EXERCISE AIM: The answer must be the full listing, retyped exactly.

EXERCISE DATA:
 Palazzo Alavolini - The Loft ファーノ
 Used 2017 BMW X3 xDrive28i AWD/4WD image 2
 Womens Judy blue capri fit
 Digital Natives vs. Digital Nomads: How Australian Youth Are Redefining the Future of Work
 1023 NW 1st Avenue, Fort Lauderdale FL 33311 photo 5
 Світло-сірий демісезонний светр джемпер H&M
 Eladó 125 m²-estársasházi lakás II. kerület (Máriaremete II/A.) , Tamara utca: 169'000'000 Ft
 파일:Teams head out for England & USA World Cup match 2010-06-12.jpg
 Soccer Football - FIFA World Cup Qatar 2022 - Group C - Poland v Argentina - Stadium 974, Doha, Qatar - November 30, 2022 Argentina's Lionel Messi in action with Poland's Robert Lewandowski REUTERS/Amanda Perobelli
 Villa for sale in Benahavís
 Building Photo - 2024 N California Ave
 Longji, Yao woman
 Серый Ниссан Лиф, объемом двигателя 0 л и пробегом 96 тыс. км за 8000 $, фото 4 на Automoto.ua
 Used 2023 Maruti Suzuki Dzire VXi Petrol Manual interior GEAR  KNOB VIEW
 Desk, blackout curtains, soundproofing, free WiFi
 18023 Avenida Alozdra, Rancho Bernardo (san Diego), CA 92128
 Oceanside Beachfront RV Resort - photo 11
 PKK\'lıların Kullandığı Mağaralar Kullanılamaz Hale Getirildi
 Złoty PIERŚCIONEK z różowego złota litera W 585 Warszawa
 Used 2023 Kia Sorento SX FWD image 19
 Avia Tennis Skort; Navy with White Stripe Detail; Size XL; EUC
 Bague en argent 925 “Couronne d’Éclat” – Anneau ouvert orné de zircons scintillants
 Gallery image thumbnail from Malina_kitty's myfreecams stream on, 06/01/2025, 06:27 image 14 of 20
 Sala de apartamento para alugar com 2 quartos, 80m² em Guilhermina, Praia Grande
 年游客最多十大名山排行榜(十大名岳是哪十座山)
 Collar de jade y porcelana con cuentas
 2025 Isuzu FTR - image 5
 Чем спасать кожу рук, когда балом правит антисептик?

EXERCISE RESULT:
 Palazzo Alavolini - The Loft ファーノ
 Used 2017 BMW X3 xDrive28i AWD/4WD image 2
 Womens Judy blue capri fit
 Digital Natives vs. Digital Nomads: How Australian Youth Are Redefining the Future of Work
 1023 NW 1st Avenue, Fort Lauderdale FL 33311 photo 5
 Світло-сірий демісезонний светр джемпер H&M
 Eladó 125 m²-estársasházi lakás II. kerület (Máriaremete II/A.) , Tamara utca: 169'000'000 Ft
 파일:Teams head out for England & USA World Cup match 2010-06-12.jpg
 Soccer Football - FIFA World Cup Qatar 2022 - Group C - Poland v Argentina - Stadium 974, Doha, Qatar - November 30, 2022 Argentina's Lionel Messi in action with Poland's Robert Lewandowski REUTERS/Amanda Perobelli
 Villa for sale in Benahavís
 Building Photo - 2024 N California Ave
 Longji, Yao woman
 Серый Ниссан Лиф, объемом двигателя 0 л и пробегом 96 тыс. км за 8000 $, фото 4 на Automoto.ua
 Used 2023 Maruti Suzuki Dzire VXi Petrol Manual interior GEAR  KNOB VIEW
 Desk, blackout curtains, soundproofing, free WiFi
 18023 Avenida Alozdra, Rancho Bernardo (san Diego), CA 92128
 Oceanside Beachfront RV Resort - photo 11
 PKK\'lıların Kullandığı Mağaralar Kullanılamaz Hale Getirildi
 Złoty PIERŚCIONEK z różowego złota litera W 585 Warszawa
 Used 2023 Kia Sorento SX FWD image 19
 Avia Tennis Skort; Navy with White Stripe Detail; Size XL; EUC
 Bague en argent 925 “Couronne d’Éclat” – Anneau ouvert orné de zircons scintillants
 Gallery image thumbnail from Malina_kitty's myfreecams stream on, 06/01/2025, 06:27 image 14 of 20
 Sala de apartamento para alugar com 2 quartos, 80m² em Guilhermina, Praia Grande
 年游客最多十大名山排行榜(十大名岳是哪十座山)
 Collar de jade y porcelana con cuentas
 2025 Isuzu FTR - image 5
 Чем спасать кожу рук, когда балом правит антисептик?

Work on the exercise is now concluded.